In Authenticating Whiteness: Karens, Selfies, and Pop
Stars, Rachel E. Dubrofsky explores the idea that popular
media implicitly portrays whiteness as credible, trustworthy,
familiar, and honest, and that this portrayal is normalized and
ubiquitous. Whether on television, film, social media, or in the
news, white people are constructed as believable and unrehearsed, from the way they talk to how they look and act. Dubrofsky argues that this way of making white people appear authentic is a strategy of whiteness, requiring attentiveness to the context of white
supremacy in which the presentations unfold. The volume details how ideas about what is natural, good, and wholesome are reified in
media, showing how these values are implicitly racialized.
Additionally, the project details how white women are presented as particularly authentic when they seem to lose agency by expressing affect through emotional and bodily displays.

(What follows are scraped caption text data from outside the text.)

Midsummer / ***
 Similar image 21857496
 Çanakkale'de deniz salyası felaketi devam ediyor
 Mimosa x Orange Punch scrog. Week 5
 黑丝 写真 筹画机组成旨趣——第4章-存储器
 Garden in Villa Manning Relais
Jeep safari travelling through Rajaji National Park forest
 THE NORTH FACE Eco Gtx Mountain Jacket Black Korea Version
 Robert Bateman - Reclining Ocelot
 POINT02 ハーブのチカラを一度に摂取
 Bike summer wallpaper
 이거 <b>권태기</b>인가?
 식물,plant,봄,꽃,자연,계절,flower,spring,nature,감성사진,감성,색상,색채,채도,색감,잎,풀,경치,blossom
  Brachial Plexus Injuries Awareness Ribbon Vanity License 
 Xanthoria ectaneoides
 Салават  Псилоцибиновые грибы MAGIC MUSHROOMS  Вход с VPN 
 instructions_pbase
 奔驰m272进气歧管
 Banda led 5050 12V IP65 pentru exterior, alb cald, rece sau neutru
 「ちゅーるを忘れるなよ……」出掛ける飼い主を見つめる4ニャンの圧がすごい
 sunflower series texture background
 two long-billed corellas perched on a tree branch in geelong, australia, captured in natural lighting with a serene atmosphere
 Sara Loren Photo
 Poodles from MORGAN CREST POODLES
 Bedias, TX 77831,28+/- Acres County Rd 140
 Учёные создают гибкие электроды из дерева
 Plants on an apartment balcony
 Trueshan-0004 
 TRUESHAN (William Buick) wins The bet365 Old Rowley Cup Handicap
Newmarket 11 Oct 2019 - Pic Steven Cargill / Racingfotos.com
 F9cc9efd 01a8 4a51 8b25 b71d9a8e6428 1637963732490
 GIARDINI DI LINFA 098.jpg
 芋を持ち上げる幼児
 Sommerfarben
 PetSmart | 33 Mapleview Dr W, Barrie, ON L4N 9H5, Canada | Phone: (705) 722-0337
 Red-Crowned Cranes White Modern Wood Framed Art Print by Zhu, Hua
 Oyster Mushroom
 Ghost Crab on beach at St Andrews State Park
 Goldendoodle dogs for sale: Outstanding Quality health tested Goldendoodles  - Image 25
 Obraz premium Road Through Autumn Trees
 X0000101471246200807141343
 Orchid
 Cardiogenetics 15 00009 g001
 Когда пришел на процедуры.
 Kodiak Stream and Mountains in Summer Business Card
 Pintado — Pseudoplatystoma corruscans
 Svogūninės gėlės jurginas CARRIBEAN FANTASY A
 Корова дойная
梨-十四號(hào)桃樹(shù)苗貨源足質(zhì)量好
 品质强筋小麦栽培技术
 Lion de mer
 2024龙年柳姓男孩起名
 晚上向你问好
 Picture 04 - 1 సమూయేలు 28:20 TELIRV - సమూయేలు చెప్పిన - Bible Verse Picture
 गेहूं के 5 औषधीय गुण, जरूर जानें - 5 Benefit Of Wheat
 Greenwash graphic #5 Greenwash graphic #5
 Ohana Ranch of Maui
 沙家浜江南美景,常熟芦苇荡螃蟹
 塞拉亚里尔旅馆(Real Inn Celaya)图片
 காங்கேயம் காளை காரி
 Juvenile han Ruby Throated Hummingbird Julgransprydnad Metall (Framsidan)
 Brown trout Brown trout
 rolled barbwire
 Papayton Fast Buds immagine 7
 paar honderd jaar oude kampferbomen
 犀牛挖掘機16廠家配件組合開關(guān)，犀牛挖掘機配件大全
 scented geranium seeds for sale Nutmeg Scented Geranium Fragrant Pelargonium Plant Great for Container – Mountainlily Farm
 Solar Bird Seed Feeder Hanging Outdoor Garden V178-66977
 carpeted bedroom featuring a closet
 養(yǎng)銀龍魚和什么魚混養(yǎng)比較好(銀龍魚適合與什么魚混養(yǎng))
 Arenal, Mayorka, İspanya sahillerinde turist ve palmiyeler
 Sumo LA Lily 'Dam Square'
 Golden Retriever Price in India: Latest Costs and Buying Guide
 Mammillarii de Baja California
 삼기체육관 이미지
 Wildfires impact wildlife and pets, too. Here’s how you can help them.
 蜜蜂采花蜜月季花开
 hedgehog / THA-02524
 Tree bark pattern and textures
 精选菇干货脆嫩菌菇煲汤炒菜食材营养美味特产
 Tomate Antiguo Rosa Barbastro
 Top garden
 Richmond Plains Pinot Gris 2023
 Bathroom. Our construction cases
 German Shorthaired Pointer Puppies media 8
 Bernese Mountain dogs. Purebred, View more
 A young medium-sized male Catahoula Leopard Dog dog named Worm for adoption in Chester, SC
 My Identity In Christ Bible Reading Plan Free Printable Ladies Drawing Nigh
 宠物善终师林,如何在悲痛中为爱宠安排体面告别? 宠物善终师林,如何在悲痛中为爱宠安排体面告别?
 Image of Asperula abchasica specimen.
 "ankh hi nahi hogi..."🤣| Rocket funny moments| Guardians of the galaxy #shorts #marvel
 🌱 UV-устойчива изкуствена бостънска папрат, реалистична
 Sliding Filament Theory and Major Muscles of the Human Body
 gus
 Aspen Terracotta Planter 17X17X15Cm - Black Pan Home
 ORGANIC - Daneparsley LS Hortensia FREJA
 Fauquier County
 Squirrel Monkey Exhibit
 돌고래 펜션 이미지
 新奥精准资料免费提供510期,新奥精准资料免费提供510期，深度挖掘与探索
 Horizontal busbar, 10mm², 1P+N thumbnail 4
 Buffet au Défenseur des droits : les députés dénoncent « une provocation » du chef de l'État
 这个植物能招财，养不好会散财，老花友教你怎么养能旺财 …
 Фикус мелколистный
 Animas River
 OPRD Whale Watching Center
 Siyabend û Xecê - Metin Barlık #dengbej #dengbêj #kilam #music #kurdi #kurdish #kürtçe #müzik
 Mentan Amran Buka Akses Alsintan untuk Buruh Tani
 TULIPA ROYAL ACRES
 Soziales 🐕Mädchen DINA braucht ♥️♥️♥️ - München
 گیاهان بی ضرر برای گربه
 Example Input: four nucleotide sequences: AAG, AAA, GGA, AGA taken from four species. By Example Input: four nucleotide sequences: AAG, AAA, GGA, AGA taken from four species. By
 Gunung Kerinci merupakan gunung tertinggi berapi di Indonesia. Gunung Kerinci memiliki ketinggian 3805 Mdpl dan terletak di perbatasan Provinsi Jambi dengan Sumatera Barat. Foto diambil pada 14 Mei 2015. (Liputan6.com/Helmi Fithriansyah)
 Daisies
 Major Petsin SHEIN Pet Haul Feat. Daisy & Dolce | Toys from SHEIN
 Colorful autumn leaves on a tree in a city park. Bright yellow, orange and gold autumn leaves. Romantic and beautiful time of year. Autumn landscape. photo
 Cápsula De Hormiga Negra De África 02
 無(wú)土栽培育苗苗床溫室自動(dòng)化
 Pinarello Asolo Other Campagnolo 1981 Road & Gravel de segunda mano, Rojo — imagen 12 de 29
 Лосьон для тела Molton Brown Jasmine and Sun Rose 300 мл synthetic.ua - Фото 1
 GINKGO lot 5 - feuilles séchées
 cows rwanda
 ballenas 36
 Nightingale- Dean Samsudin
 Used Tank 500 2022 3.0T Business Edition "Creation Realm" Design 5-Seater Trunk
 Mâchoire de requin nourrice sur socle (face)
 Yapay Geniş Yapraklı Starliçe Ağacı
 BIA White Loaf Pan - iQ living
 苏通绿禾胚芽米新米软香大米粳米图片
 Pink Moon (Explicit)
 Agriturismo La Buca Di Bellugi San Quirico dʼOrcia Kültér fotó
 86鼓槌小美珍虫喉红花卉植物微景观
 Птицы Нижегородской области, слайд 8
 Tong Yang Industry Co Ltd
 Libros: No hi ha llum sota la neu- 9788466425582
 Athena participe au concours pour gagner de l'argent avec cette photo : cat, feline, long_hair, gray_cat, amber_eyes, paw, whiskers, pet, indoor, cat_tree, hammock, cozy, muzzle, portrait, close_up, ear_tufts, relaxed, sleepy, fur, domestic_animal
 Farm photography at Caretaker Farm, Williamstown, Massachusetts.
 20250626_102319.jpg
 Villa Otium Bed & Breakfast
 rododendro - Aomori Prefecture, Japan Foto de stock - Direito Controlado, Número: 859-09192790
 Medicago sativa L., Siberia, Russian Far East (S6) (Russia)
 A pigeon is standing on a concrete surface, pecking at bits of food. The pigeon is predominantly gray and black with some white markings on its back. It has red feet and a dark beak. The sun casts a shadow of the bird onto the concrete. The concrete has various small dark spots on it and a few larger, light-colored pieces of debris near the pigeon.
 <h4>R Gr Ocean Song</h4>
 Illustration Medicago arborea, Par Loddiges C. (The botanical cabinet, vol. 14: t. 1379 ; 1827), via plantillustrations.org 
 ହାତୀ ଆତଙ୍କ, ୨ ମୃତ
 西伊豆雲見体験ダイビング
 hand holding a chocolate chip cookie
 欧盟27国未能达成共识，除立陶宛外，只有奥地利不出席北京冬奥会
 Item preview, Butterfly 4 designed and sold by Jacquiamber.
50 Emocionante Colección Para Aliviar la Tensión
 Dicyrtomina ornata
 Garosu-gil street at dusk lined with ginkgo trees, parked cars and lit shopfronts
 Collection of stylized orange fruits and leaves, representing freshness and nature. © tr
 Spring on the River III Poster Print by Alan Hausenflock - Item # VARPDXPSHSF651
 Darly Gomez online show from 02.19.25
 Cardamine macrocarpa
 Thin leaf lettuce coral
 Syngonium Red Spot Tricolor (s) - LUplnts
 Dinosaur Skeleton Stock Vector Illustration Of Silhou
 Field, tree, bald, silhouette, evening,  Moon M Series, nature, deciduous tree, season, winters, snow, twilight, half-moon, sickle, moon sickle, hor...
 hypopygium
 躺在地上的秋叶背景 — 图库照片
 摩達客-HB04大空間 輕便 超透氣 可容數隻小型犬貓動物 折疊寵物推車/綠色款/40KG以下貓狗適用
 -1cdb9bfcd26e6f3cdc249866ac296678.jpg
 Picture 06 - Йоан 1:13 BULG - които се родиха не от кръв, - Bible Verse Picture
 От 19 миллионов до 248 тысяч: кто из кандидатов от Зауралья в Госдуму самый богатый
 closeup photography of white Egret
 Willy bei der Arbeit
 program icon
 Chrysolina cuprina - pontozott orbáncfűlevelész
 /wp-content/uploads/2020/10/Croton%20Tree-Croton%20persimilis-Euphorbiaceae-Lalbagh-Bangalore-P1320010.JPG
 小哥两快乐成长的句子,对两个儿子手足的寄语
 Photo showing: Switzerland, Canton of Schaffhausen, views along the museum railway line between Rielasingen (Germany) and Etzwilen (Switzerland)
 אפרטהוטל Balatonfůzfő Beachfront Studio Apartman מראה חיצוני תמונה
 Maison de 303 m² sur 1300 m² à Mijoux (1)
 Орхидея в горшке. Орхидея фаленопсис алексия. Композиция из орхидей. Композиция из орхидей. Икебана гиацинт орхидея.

The chapters examine a range of popular media-newspaper articles about Donald J. Trump, a selfie taken at Auschwitz, music videos by Miley Cyrus, the
television series UnREAL , the infamous video of Amy Cooper calling the police on an innocent Black man, and the documentary
Miss Americana -pinpointing patterns that cut across media to explore the implications for the larger culture in which they
exist. At its heart, the book asks: Who gets to be authentic? And what are the implications?